_What the task requires:_ Among the lines of the records, please find those that contain the word "Residence" and copy them.

[[ Supplied records open ]]

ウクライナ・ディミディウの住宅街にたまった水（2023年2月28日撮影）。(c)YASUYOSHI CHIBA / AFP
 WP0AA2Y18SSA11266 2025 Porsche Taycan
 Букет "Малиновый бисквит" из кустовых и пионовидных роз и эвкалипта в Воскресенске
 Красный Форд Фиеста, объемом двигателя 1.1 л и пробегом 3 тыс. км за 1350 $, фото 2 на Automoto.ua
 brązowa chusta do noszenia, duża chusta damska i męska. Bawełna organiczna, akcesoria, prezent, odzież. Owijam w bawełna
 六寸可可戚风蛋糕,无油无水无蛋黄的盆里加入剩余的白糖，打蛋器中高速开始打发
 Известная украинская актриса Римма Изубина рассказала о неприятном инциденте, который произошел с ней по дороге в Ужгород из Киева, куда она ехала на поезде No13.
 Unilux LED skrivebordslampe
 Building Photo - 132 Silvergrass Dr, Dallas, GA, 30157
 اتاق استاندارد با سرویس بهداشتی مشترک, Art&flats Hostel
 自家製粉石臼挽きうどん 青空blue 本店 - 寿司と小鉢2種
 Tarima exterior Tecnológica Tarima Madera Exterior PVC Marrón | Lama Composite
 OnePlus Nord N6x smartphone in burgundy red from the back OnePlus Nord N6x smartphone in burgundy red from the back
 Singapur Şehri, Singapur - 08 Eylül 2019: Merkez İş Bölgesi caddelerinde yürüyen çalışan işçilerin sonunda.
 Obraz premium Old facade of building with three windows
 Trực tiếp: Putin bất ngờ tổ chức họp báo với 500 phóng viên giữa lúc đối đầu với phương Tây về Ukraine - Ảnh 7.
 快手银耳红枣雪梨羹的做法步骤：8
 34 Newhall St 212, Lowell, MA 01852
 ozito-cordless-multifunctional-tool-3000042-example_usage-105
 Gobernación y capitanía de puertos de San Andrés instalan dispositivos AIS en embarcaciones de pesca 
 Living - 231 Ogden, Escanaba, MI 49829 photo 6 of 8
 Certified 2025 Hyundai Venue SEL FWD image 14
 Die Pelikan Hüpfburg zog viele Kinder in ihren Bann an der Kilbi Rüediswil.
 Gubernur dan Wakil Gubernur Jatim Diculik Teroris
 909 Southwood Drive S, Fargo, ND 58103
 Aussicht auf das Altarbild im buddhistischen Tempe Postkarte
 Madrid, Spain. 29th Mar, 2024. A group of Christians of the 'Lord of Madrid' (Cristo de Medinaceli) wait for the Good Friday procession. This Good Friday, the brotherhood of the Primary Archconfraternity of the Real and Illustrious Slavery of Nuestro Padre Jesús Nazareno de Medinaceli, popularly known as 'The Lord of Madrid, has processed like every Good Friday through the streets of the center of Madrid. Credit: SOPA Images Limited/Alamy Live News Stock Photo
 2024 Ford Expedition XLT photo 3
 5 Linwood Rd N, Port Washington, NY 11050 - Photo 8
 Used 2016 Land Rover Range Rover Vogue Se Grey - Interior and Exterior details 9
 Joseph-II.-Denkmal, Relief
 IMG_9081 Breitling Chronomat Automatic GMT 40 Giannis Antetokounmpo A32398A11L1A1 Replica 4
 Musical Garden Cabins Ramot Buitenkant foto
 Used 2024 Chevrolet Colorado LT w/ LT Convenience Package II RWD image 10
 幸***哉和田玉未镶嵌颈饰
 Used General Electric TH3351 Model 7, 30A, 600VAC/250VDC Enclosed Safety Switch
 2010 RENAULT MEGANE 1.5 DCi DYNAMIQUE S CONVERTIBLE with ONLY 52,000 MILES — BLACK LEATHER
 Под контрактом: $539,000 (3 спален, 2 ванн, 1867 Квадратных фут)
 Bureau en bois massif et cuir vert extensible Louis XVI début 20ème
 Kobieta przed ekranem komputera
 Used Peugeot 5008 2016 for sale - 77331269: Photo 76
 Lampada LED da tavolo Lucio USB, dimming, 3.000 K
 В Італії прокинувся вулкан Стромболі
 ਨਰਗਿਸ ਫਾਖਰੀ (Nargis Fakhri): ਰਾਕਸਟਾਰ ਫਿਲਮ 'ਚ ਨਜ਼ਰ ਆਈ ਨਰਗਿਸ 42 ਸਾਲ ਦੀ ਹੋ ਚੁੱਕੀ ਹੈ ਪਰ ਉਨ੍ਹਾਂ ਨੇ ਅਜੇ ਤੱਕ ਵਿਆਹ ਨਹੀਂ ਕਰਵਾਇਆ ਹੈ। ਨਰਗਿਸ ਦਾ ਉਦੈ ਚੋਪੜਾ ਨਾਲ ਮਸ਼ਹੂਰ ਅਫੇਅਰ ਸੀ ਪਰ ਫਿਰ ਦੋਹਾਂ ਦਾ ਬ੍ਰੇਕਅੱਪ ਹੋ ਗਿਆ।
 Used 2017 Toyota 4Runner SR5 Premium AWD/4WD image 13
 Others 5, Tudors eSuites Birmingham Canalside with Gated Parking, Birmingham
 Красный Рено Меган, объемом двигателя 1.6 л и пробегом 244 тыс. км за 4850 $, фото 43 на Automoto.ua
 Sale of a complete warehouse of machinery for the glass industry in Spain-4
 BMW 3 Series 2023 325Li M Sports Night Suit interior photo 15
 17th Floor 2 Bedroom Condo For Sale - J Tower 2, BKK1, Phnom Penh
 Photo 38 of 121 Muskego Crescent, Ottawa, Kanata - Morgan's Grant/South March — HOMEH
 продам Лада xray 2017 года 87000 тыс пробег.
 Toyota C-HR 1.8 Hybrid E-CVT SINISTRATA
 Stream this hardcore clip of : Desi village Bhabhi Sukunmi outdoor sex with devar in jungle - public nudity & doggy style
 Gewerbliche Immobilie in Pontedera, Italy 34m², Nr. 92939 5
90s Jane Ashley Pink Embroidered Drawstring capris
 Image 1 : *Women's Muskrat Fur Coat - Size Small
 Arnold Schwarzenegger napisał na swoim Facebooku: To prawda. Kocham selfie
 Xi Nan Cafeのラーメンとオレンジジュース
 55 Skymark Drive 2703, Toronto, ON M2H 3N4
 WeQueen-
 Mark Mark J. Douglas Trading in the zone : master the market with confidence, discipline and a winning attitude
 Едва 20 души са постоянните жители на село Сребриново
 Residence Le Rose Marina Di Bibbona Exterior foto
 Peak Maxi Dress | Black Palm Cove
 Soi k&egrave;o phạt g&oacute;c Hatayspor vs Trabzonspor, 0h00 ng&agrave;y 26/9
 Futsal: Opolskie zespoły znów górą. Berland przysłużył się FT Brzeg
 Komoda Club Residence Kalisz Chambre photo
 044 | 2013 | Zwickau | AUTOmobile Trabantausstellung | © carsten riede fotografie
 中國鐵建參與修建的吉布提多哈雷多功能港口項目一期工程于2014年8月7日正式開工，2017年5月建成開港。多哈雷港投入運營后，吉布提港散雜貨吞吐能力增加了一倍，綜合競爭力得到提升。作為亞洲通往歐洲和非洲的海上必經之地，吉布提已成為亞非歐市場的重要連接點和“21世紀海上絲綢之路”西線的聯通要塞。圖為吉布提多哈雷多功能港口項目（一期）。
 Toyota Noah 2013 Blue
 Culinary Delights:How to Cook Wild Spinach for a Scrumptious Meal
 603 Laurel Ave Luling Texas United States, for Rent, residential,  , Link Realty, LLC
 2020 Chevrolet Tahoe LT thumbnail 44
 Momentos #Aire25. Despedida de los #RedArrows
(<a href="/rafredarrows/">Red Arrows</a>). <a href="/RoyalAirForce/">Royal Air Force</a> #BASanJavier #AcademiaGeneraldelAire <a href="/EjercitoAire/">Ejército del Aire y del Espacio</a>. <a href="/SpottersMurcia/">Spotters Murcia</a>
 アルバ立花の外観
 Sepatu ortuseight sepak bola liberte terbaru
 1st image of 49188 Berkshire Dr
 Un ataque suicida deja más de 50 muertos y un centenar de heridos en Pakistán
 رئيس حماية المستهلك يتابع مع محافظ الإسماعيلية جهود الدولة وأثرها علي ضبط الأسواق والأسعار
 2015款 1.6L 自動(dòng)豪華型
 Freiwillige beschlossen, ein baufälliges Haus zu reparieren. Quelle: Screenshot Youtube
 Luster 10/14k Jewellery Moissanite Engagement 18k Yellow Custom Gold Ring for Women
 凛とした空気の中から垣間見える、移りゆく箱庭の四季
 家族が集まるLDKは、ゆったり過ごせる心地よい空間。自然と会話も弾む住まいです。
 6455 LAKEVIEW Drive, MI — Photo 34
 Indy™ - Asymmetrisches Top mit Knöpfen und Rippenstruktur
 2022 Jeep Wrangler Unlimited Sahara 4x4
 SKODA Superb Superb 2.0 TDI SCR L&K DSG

[[ Supplied records closed ]]

_Answer for the task:_
 Residence Le Rose Marina Di Bibbona Exterior foto
 Komoda Club Residence Kalisz Chambre photo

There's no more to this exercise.